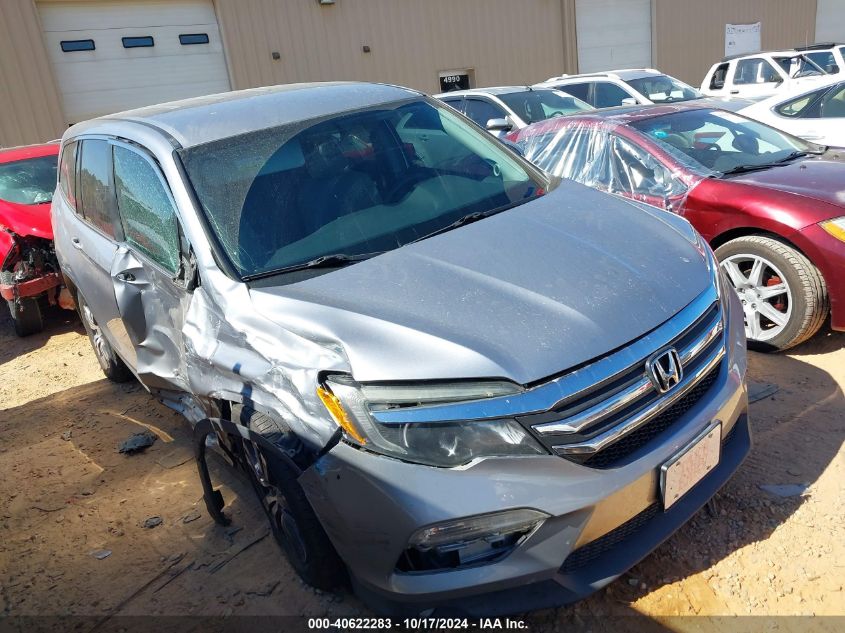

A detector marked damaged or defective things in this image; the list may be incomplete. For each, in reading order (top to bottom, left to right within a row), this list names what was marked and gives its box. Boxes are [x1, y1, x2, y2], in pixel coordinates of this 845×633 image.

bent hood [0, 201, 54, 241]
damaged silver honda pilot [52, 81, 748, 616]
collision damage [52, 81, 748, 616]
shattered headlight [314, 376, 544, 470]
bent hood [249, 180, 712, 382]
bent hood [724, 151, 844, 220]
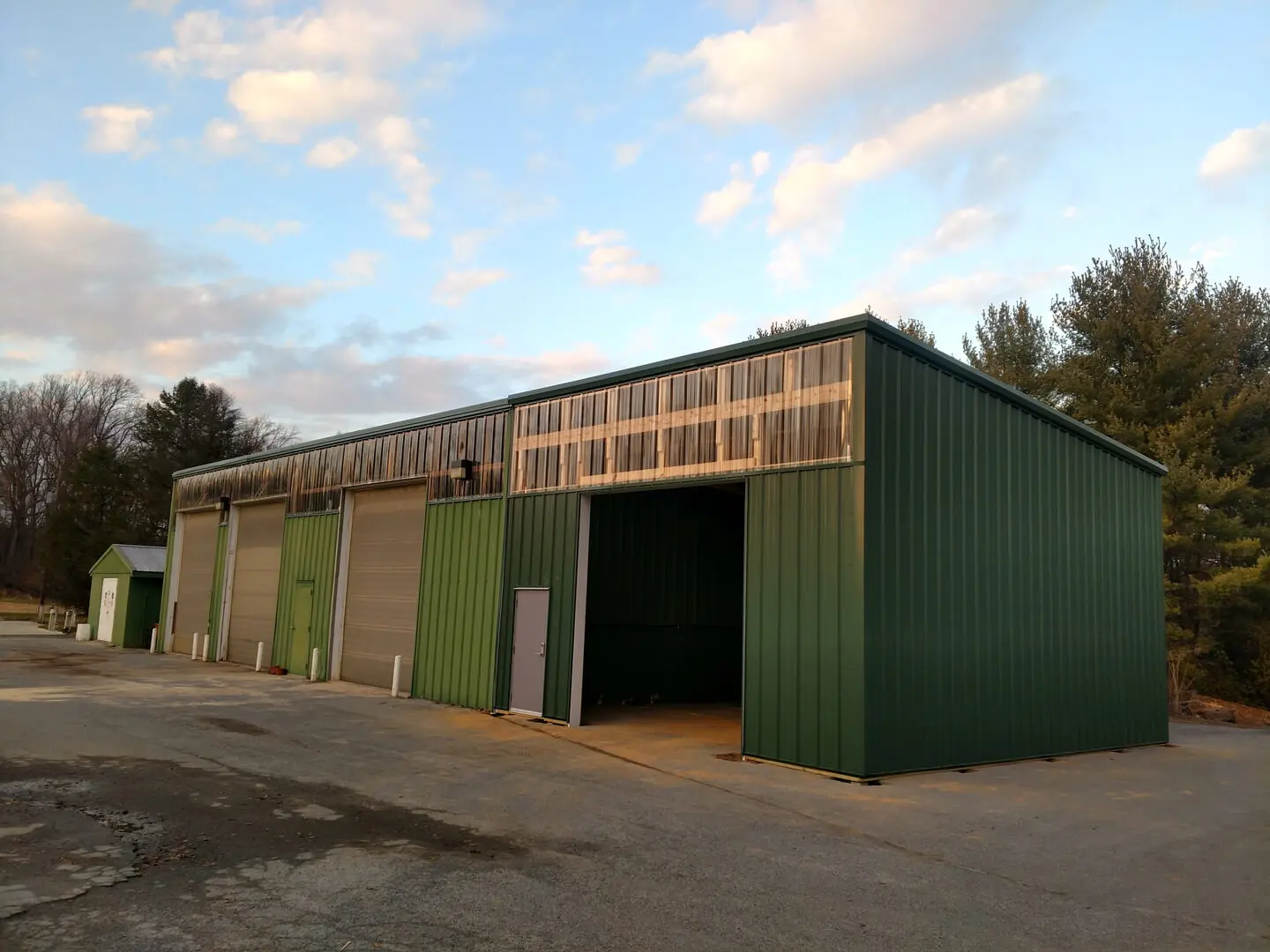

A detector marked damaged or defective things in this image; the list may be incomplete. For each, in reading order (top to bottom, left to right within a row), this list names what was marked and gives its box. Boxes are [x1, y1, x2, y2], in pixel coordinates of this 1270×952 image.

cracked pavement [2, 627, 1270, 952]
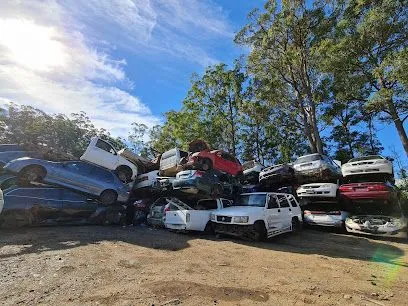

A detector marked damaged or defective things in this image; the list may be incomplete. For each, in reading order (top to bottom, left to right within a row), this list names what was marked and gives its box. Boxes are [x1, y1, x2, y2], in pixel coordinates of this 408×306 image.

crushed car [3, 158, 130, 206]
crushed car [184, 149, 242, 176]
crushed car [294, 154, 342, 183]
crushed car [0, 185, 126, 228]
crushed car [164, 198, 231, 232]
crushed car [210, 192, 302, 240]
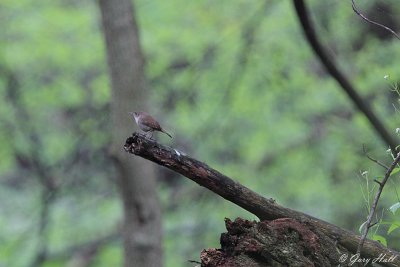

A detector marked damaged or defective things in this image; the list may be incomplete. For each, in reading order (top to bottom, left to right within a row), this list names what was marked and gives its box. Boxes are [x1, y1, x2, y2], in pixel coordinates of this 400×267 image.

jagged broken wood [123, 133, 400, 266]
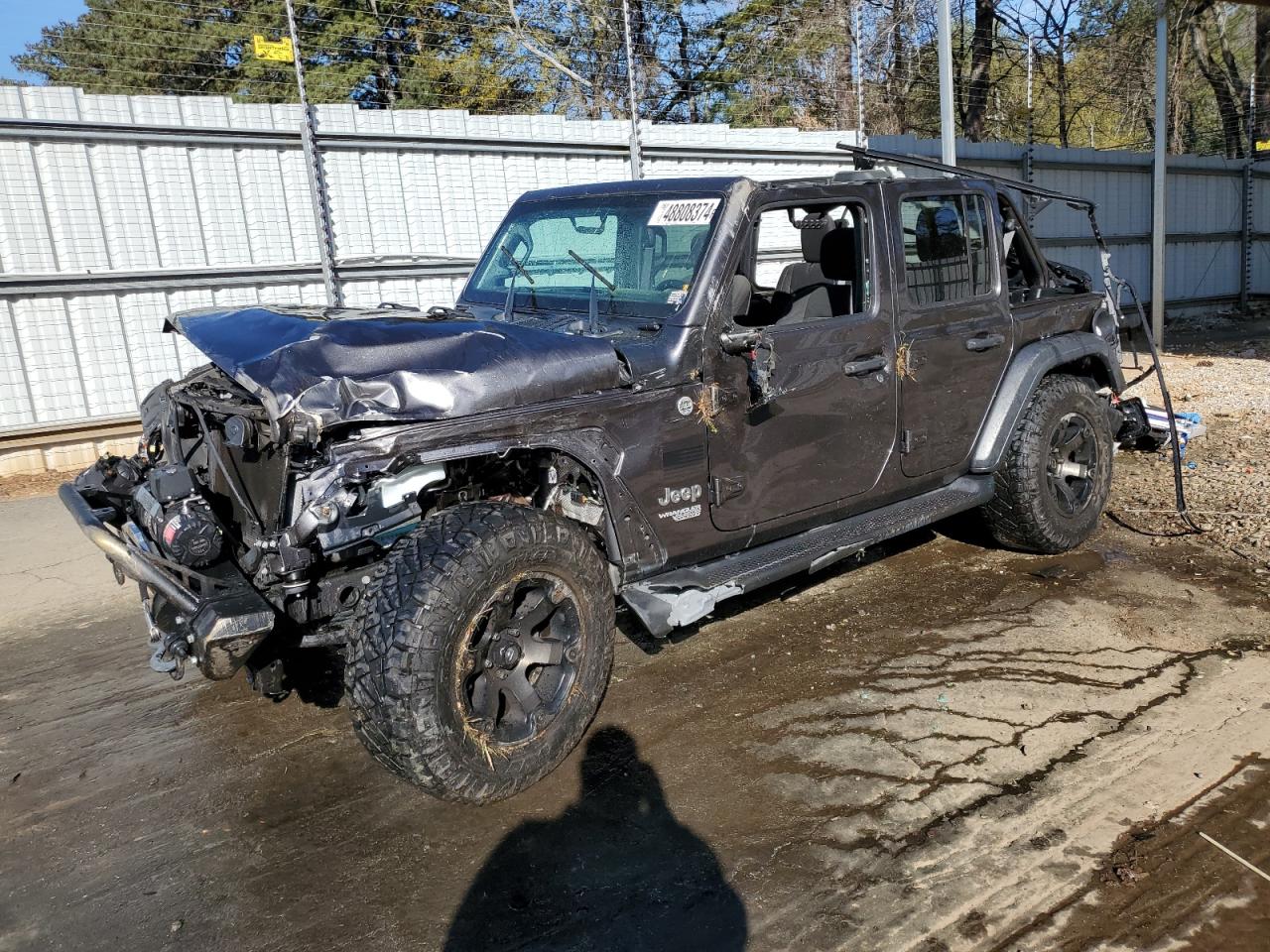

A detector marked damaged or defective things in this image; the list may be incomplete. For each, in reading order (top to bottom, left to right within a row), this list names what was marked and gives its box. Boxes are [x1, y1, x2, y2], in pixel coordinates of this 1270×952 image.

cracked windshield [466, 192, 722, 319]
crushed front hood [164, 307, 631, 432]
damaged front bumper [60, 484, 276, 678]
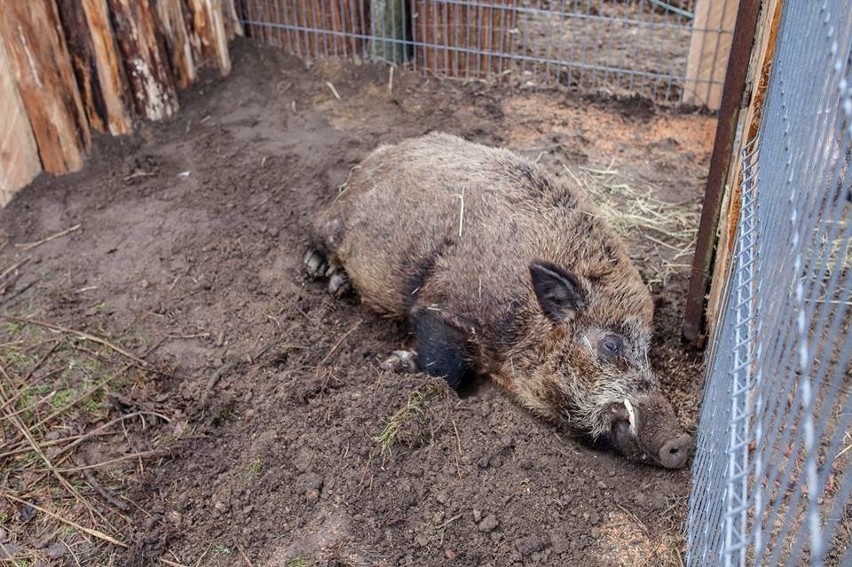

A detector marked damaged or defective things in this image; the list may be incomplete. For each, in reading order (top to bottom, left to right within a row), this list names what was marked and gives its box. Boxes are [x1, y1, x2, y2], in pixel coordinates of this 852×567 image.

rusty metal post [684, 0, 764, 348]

EXERCISE GOAL
Leaving out every picture, extract verbatim the lines from the one containing "this 408×306 image." through the last line of the listing, inclusive.

OUTPUT BELOW
A detector marked damaged or defective things in this image; the list may be incomplete. For each, in reading order (top to bottom, left to right within a row), this list names what was marked and gives its box. Boxes are [x1, y1, x2, y2], in pixel coordinates of this 408×306 image.

crushed car [3, 158, 130, 206]
crushed car [184, 149, 242, 176]
crushed car [294, 154, 342, 183]
crushed car [0, 185, 126, 228]
crushed car [164, 198, 231, 232]
crushed car [210, 192, 302, 240]

A detector marked damaged or defective things in this image; the list may be incomplete. For each, in reading order (top to bottom, left to right within a row), this list names what was marked and gives its box. Boxes are [x1, y1, x2, y2], in pixel coordinates of this 400×267 image.

jagged broken wood [123, 133, 400, 266]

A detector marked damaged or defective things in this image; the list may be incomplete. For each, in reading order (top to bottom, left to right within a row), this list names what was marked and gives its box. Boxes are [x1, y1, x2, y2], in pixel coordinates of this 1270×952 image.

cracked windshield [466, 192, 722, 319]
crushed front hood [164, 307, 631, 432]
damaged front bumper [60, 484, 276, 678]

A detector marked damaged or defective things in this image; the list may be incomplete. For each, in reading order (top to bottom, left to right within a row), this list names what was marked and gives its box. Boxes are [x1, y1, x2, y2], in pixel coordinates of this 852×567 image.

rusty metal post [684, 0, 764, 348]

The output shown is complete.